If you are a risk avoiding person which one of these would you invest in?

Descriptives of Discrete Random Variables

So far the means and variances we have calculated assumed the random variable to be continuous. However continous data can be grouped together and either discretized or just grouped from discrete raw observations.

Discrete Variable Mean

\[E(X)=\sum_{i=1}^{i=N} P(X=x_{i})\times x_{i} \]

E(X) is expected value of X
P(X=x) is going to later be referred to as probability, for now it is percentage of random variable X taking the value x.
If it is not given how is it calculated?

\[P(X=x_{i})=\frac{\# x_{i}}{N} \]

-where N is the total number of observations

Discrete Variable Variance

\[Var(X)=\sigma^{2}=\sum_{i=1}^{i=N} P(X=x_i)\times(x_i-\mu_{x})^{2} \]

As you can see this is a similar operation to the discrete mean formulation.
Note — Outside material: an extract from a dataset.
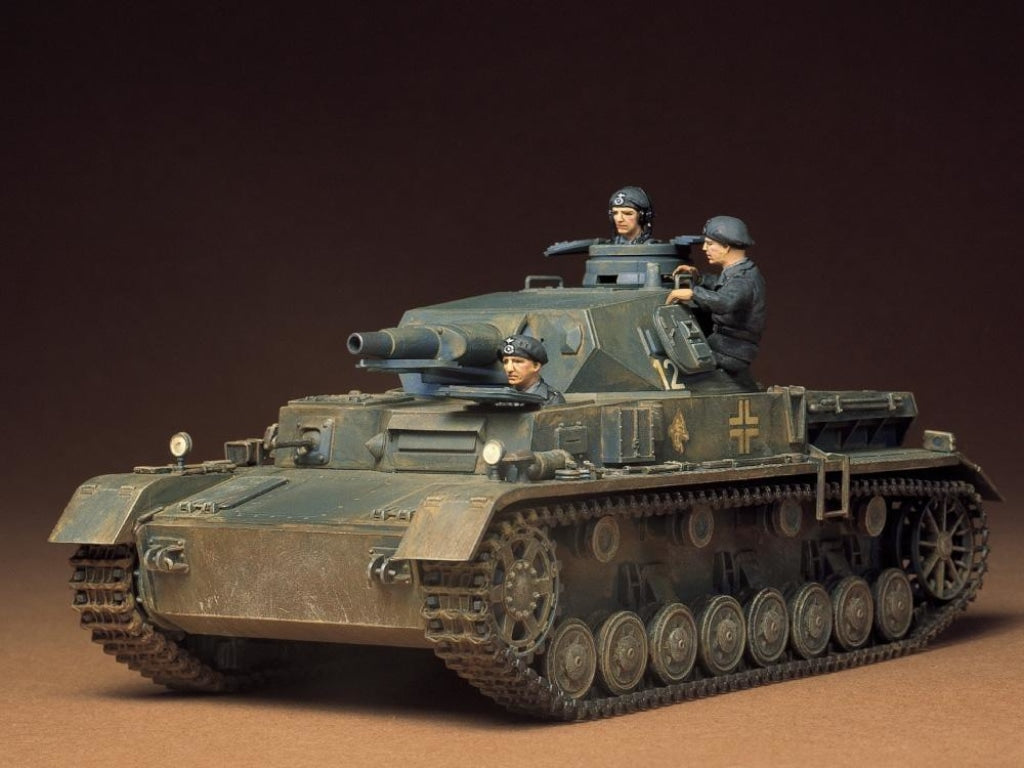 Tamiya - 1/35 German Pzkpw Iv Ausfd Plastic Model Kit En Existencia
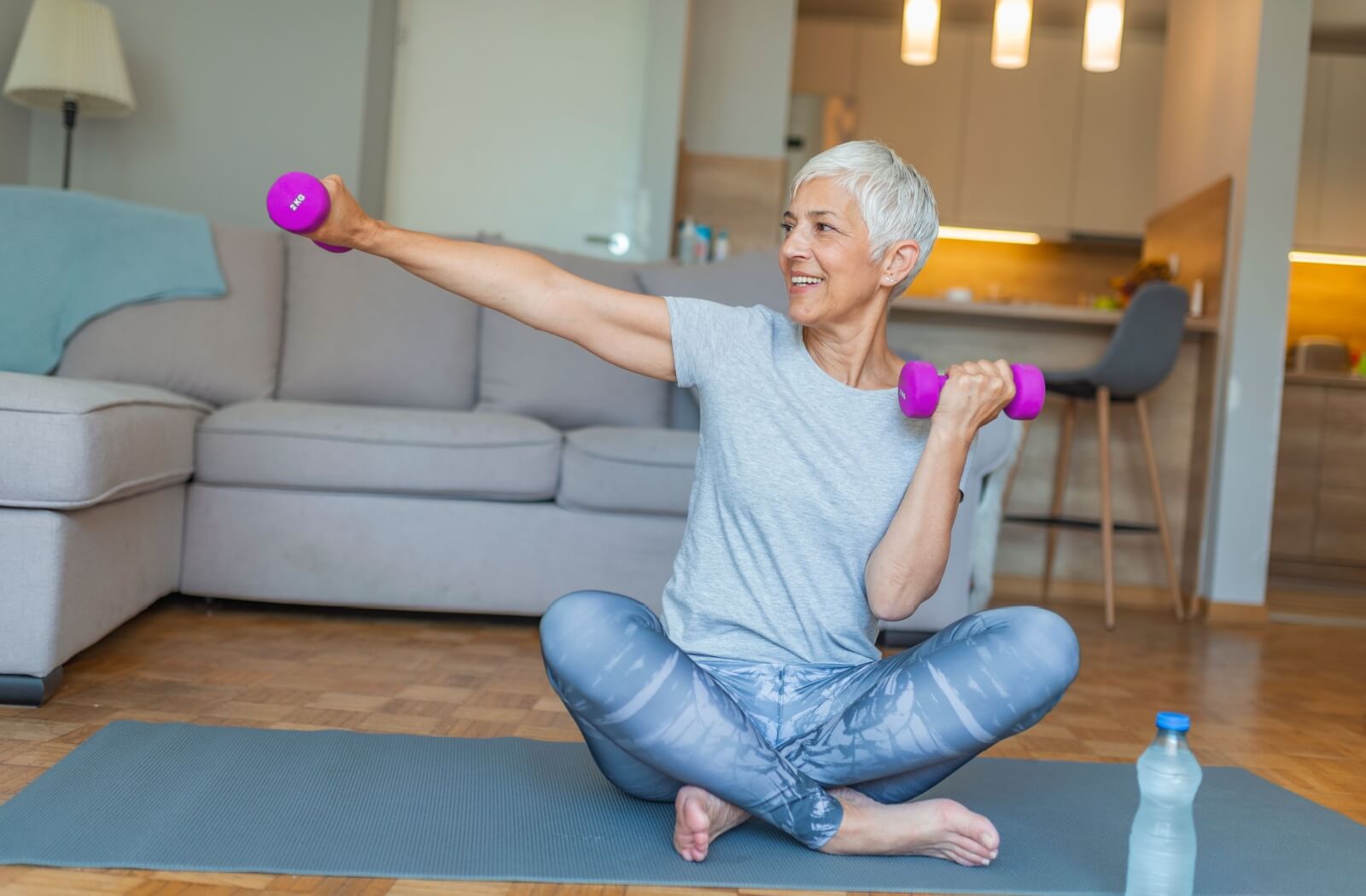 A happy senior couple enjoy a balanced meal to aid in dementia prevention.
What is being multiplied with the weighing operator \(P(X=x_i)\) changes from the expected value calculation.
In the expected value calculation \(P(X=x_{i})\) is multiplied with \(x_{i}\) whereas in the variance calculation \(P(X=x_{i})\) is multiplied with \((x_{i}-\mu_{x})^{2}\)

Continous vs Discrete

Continuous and discrete mean as well as variance formulations are really equivalent to each other.
In the calculation of continuous mean, each value has the same weight of occurring. Therefore each value is multiplied with \(\frac{1}{N}\) whereas in discrete random variables this is replaced with \(P(X=x_{i})\) the relative frequency of time the value \(x_{i}\) has occurred.

Examples

(X=xi)	#	P(X=xi)
4	10	\(\frac{10}{50}\)=0.2
3	20	\(\frac{20}{50}\)=0.4
2	10	\(\frac{10}{50}\)=0.2
1	10	\(\frac{10}{50}\)=0.2
Sum	50	\(\frac{50}{50}\)= 1.00

Grades of individuals quantified between 1 to 4 and the number of times they have received that grade. \(x_{1}\) is 4, \(x_{2}\) is 3 and so forth.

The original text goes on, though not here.